Se desploma antes de continuar, baja la cabeza y se le anuda la garganta: “Es la realidad que nos toca vivir hoy en día a muchos argentinos y que duele. A mí me duele porque los chicos también tienen que sufrir. Nosotros como grandes también sufrimos, pero somos grandes, ¿no? Nos la podemos aguantar, pero los chicos no”.
Aunque le vendría bien, David todavía no consiguió entrar en ninguna de las tres cooperativas. Presume de no haber caído en las adicciones, como la mayoría de los que crecen en su condición de marginalidad, e incluso resalta que algunos de los que sí cayeron y nunca pudieron salir tienen trabajos más dignos que el suyo. Recae otra vez en la actitud taciturna.

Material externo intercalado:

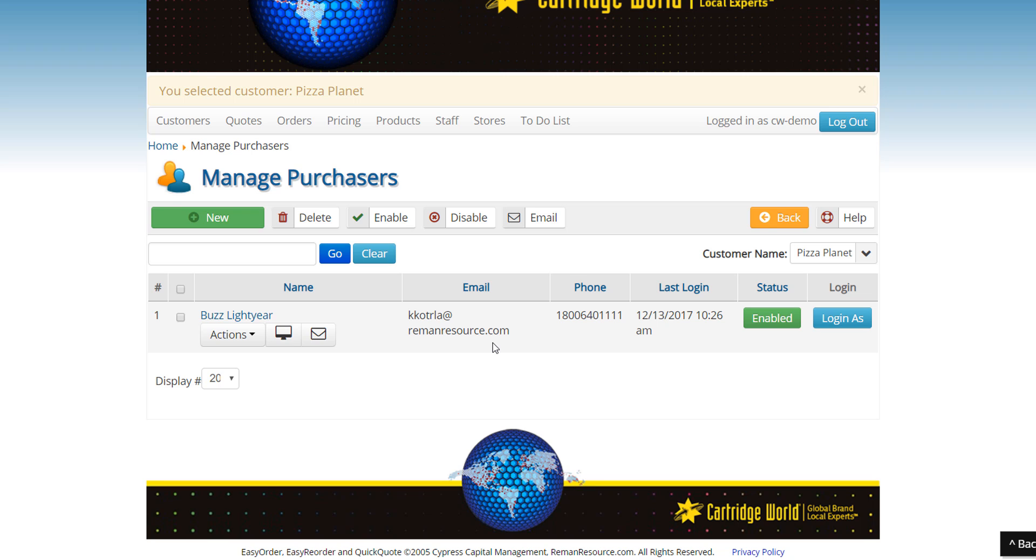Basically we can handle any size business for any size customer. We have customers with way more locations than this. If you actually have two levels of purchasing we can set that up as well. Say there's a Buzz Lightyear as a purchaser and then there's also a Woody as a secondary purchaser. So for example, if the store orders then Buzz Lightyear has to approve, and if there's somebody above Buzz Lightyear that has to approve, once Buzz approves we can send it up to the next purchaser.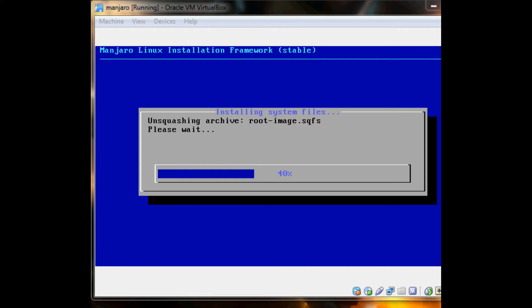I don't think this comes with even Flash installed, so you're going to have to install everything, I think. But hey, that's something to test, right? I'm just going to pause the video here and wait till it's done.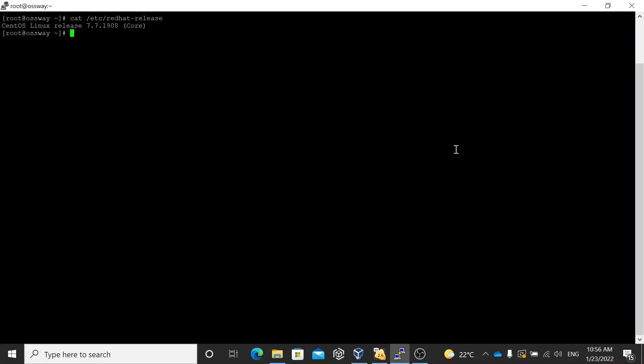In Linux there are three types of users. One is local user — the one which we create on the local machine and log in on the same machine. The other is system users, which I will explain later. The third one is network users. We are not going to look into network users for now; we are going to focus on local user administration.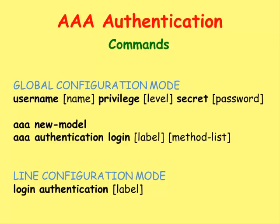In the global configuration mode, we will use the username command to add username privilege levels and passwords to the internal database. The AAA New Model command will allow us to use usernames, password combinations.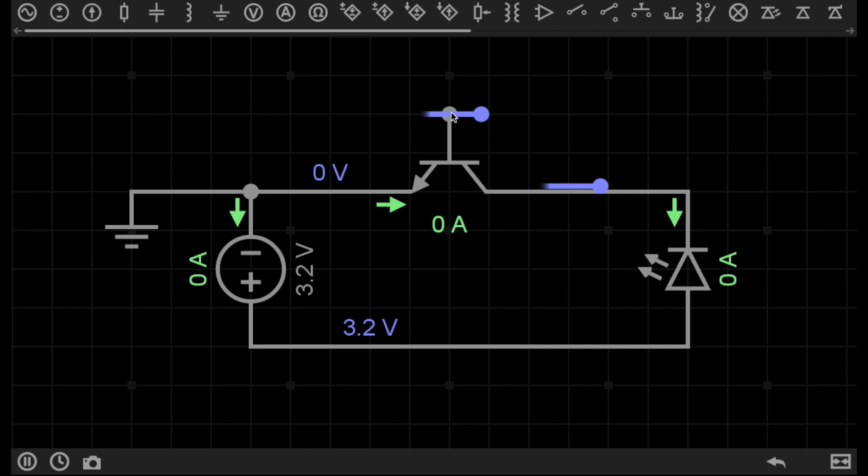To turn the transistor on to its conductive state, we need to apply a voltage to the base of the transistor. In this case, we have the collector and the emitter, but we also have a third terminal, which is the base.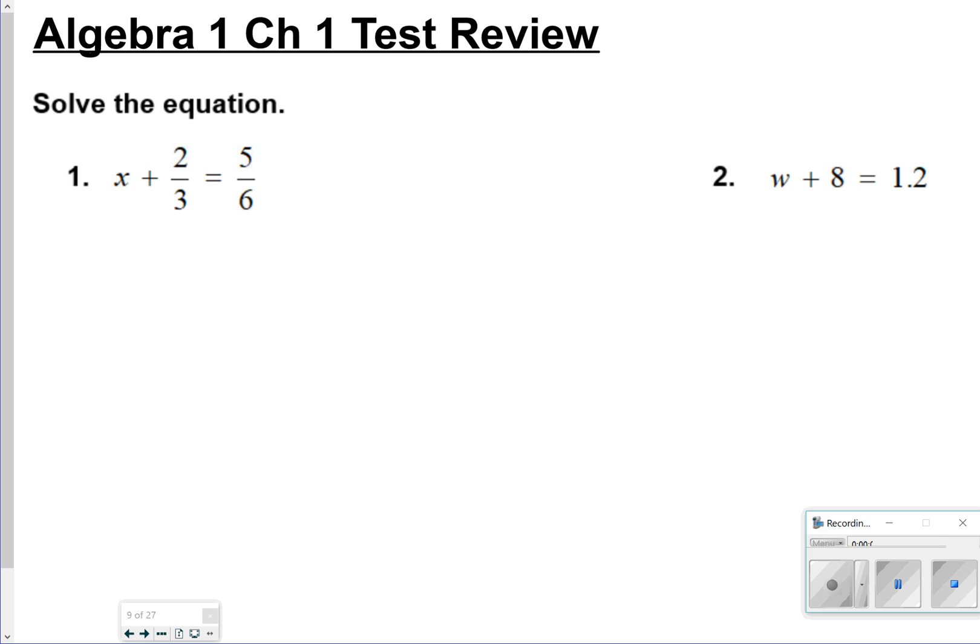Hi there, and thanks for tuning in. This is going to be Algebra 1's Chapter 1 test review. Go ahead and have your test review packet out so we can get started going over these.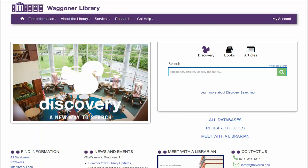Welcome to Wagner Online. This video will show you how to find journal articles using Discovery Search.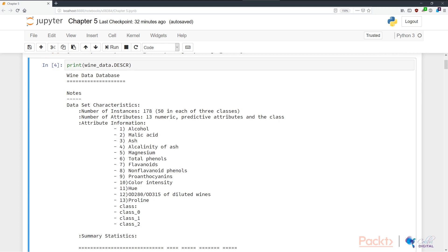In N4, we're printing out the description of WineData. This is a WineData database. The dataset characteristics are: there are 178 instances with at least 50 in each of the three classes. As a data scientist, I'd first investigate why there are three classes with 50 instances each, but 178 total data points — does this mean 28 data points are invalid or have missing data? These are good ways to start investigating whenever there's incoherent information like this.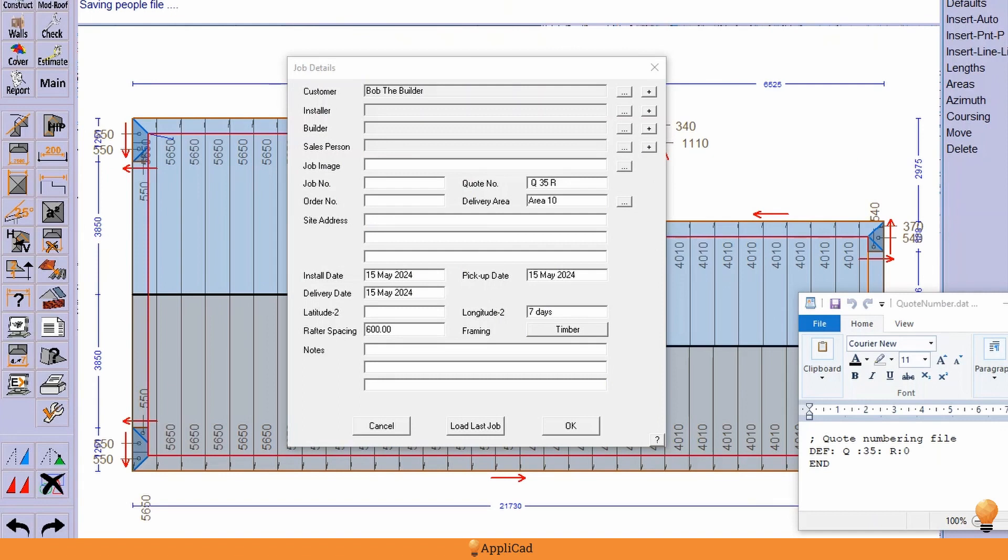Welcome to Feature Friday where we look at some of the cool features that are embedded in the AppliCAD RoofWizard software. A real quick one today relating to quote numbers.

Se percata de que estoy mirando unos cables de electricidad que van por el suelo y se apresura a justificar que sabe que son peligrosos para los chicos, pero que es la única forma de tenerlos a la vista para cuidar que no se los roben. Otra vez, suena arrogante al decir que los “piperos” lo hurtan para vender el cobre. El mismo cobre que él extrae de entre los desechos del sumidero y que también utiliza para generar ingresos. “Hace poco, conseguimos un tele para los chicos”, confiesa retomando el ánimo cabizbajo.
David tiene un hermano mellizo que sí trabaja para una de las cooperativas. Entró gracias a un amigo de la infancia de ambos que “nunca se pudo recuperar de la adicción”. Rememora que, cuando eran adolescentes, iban al basural a extraer cosas, pero que nunca pensó que iba a tener que volver y que sería su única fuente de ingresos.

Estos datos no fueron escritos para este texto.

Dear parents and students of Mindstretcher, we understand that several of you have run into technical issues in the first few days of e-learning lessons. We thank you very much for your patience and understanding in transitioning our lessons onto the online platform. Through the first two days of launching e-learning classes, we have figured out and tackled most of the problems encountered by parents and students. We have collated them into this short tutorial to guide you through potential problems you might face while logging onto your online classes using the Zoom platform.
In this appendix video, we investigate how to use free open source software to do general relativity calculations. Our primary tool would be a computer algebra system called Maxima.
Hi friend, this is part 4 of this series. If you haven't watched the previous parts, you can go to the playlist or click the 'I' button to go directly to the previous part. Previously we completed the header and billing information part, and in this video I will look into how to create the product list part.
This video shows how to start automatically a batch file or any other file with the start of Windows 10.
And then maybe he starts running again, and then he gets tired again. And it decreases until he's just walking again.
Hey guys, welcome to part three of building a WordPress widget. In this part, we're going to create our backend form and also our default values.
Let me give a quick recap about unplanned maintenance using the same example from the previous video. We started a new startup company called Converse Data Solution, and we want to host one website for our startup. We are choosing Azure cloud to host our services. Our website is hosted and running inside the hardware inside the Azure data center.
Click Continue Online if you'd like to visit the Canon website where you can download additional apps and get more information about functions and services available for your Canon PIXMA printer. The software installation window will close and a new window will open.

—¿Y éste te acompaña también al basural? -me refiero a Valentín, quien evidencia pura idolatría por su papá.
—A mis hijos no llevo a ninguno. Aunque hay chicos trabajando ahí -pese a que está prohibido-, yo no quiero que vayan a revolver la basura. Ni siquiera los dejo que se acerquen, lo más cerca que pasan por ahí es cuando vamos al río a pescar, porque tenemos que ir por el camino que está al costado del basural sí o sí.
Se alivia al tomar en cuenta que todavía no sacó nunca comida del basural para alimentar a su familia. Me cuenta que el “verde” y el “jumbo” -los containers que traen cerrada la basura de los supermercados de las cadenas Vea y Jumbo, ambas de la trasnacional Cencosud- son el patio de comidas para la mayoría de los cirujas. Los esperan con ansías, semana a semana.

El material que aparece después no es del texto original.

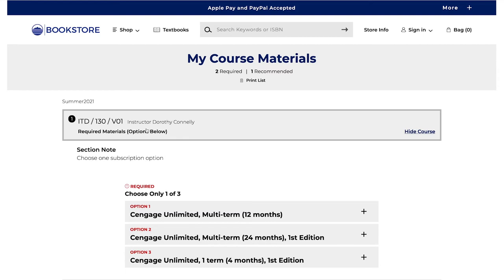Materials that are recommended by your instructor may not be used in the course, however, they will give you added information about the content.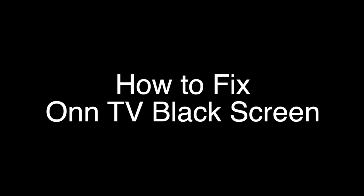Okay, today we're going to show you how to fix your Onn TV if you're just seeing a black screen. We're going to show you several methods for fixing this problem.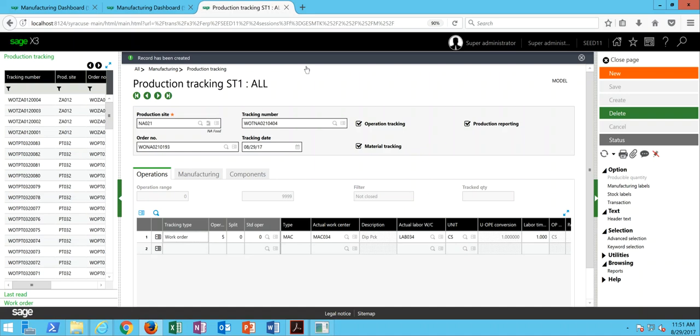So in this lesson, we're going to take a look at a situation where a production tracking record was generated, but maybe that record was generated in error, and now the user needs to delete it out of the system. So here on the screen, we have an example of a production tracking record against a work order.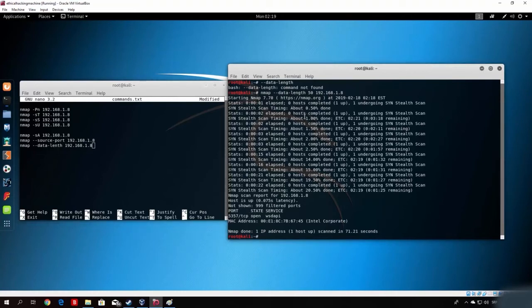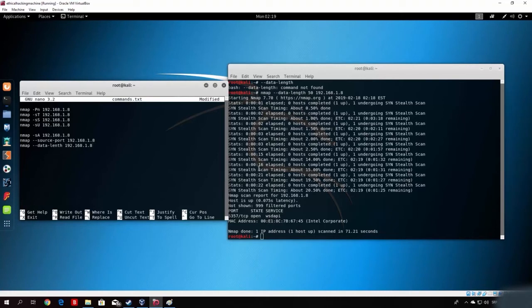The scan completed correctly and we have one open TCP port with the service running identified as WSDAP.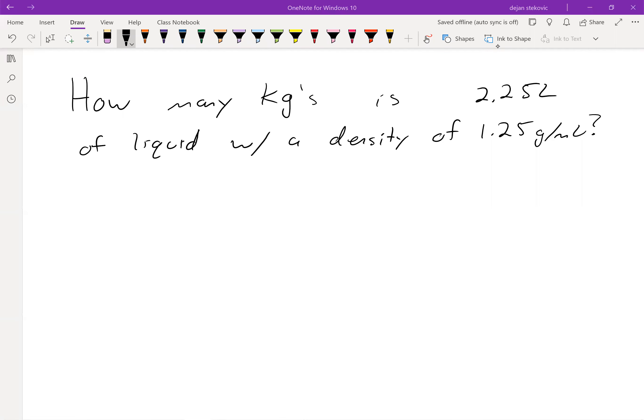Let's take a look at another problem. In this case, we're going to use density as a conversion unit. It asks us how many kilograms is 2.25 liters of liquid with a density of 1.25 grams per milliliter.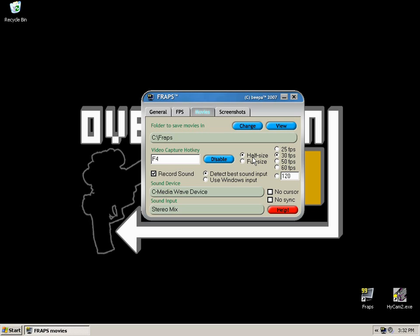Half size obviously yields lesser quality video, but at the same time it won't be as demanding on your PC. If you're struggling to use FRAPS to record, I recommend putting it on half size, but do bear in mind that your recorded video will be a low resolution. And when you come to render it in a video editing program, you may be stretching it to a higher resolution than what you're recording it in, and it probably won't work that well with HD.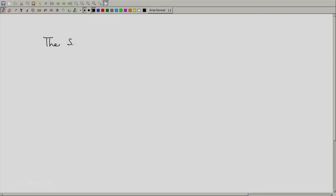Welcome back. It is now time for us to do some exercises and problem solving using the second law of thermodynamics.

“Voy por necesidad, si no, no iría porque es un lugar espantoso. El olor, el calor, los gases tóxicos, todo lo que hay ahí -por el sumidero- es horrible. La contaminación que hay es insoportable”, sentencia el albañil.
Antes de marcharme, noto que tengo una bolsa de magdalenas a medias en el auto. Les había regalado leche, pero me estaba llevando el pan. Me bajo de nuevo y se las paso, pienso que ojalá no llegue el momento en que David también cuente las horas para el arribo del “verde” y del “jumbo”. Enciendo el motor y me distraigo un rato mirando el celular, luego levanto la mirada y lo último que veo es a Valentín, siempre sonriente, con la boca llena de magdalena.